SQL Strings
We can almost guarantee that there is not a single dbt model or table in your database that doesn’t have at least one column of a string type.
Strings are everywhere in data—they allow folks to have descriptive text field columns, use regex in their data work, and honestly, they just make the data world go ‘round.
Below, we’ll unpack the different string formats you might see in a modern cloud data warehouse and common use cases for strings.
Using SQL strings
Strings are inherent in your data—they’re the name fields that someone inputs when they sign up for an account, they represent the item someone bought from your ecommerce store, they describe the customer address, and so on.
To formalize it a bit, a string type is a word, or the combination of characters that you’ll typically see encased in single quotes (ex. 'Jaffle Shop', '1234 Shire Lane', 'Plan A').
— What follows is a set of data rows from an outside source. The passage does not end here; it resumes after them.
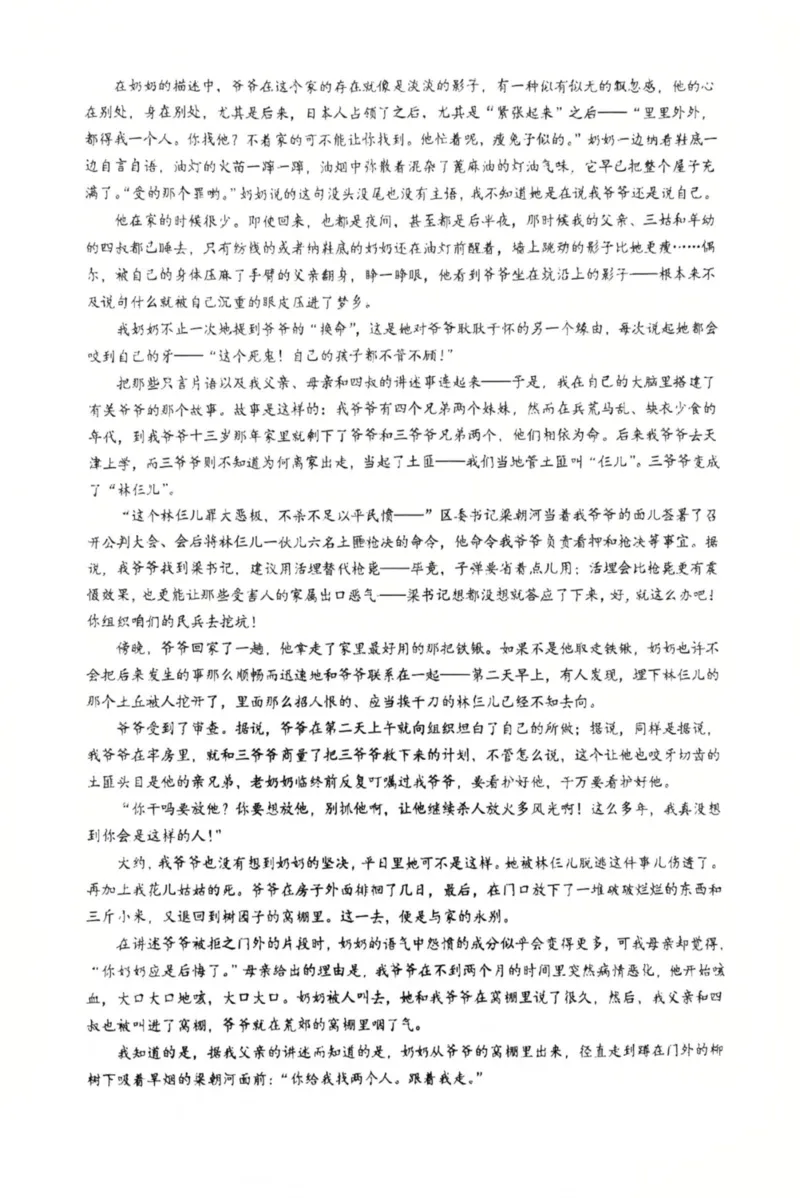 江苏省南京市、镇江市、徐州市联盟校2025-2026学年高三上学期10月学情调研语文试题（含答案）_251102江苏省南京市、镇江市、徐州市联盟校2025-2026学年高三上学期10月学情调研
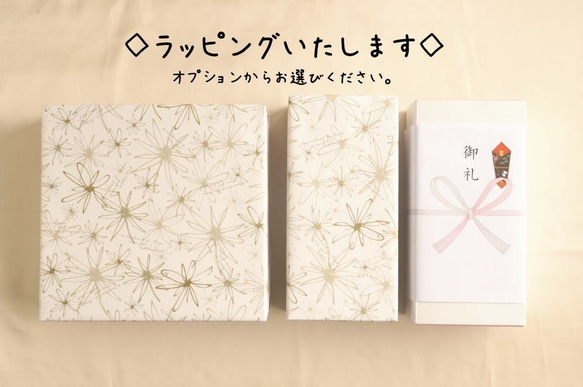 かわいいくまさんクッキー。ギフト包装も熨斗も今だけ無料。くまさんクッキー１９枚ボックス 9枚目の画像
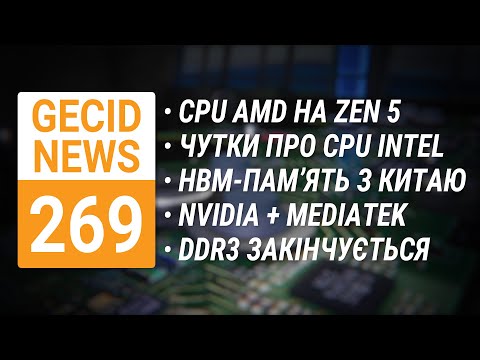 Видео: CPU AMD на Zen 5 • Чутки про CPU Intel • HBM-пам'ять з Китаю • DDR3-пам'ять закінчується ➜ News 269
Most often, when you’re working with strings in a dbt model or query, you’re:
- Changing the casing (uppering/lowering) to create some standard for your string type columns in your data warehouse
- Concatenating strings together to create more robust, uniform, or descriptive string values
- Unnesting JSON or more complex structured data objects and converting those values to explicit strings
- Casting a column of a different type to a string for better compatibility or usability in a BI tool
- Filtering queries on certain string values
- Creating a new string column type based off a CASE WHEN statement to bucket data by
- Splitting a string into a substring
This is not an exhaustive list of string functionality or use cases, but contains some common scenarios analytics engineers face day-to-day.
Strings in an example query
select
date_trunc('month', order_date)::string as order_month,
round(avg(amount)) as avg_order_amount
from {{ ref('orders') }}
where status not in ('returned', 'return_pending')
group by 1
This query using the Jaffle Shop’s orders
table will return the order month as a string and rounded order amount for only orders with statuses not equal to returned
or pending
string values:
order_month | avg_order_amount |
---|---|
2018-01-01 | 18 |
2018-02-01 | 15 |
2018-03-01 | 18 |
2018-04-01 | 17 |
String support in Snowflake, Databricks, BigQuery, and Redshift
Snowflake, Databricks, Google BigQuery, and Amazon Redshift all support the string data type. They may have slightly varying sub-types for strings; some data warehouses such as Snowflake and Redshift support text, char, and character string types which typically differ in byte length in comparison to the generic string type.
Again, since most string type columns are inherent in your data, you’ll likely be ok using generic varchar or strings for casting, but it never hurts to read up on the docs specific to your data warehouse string support!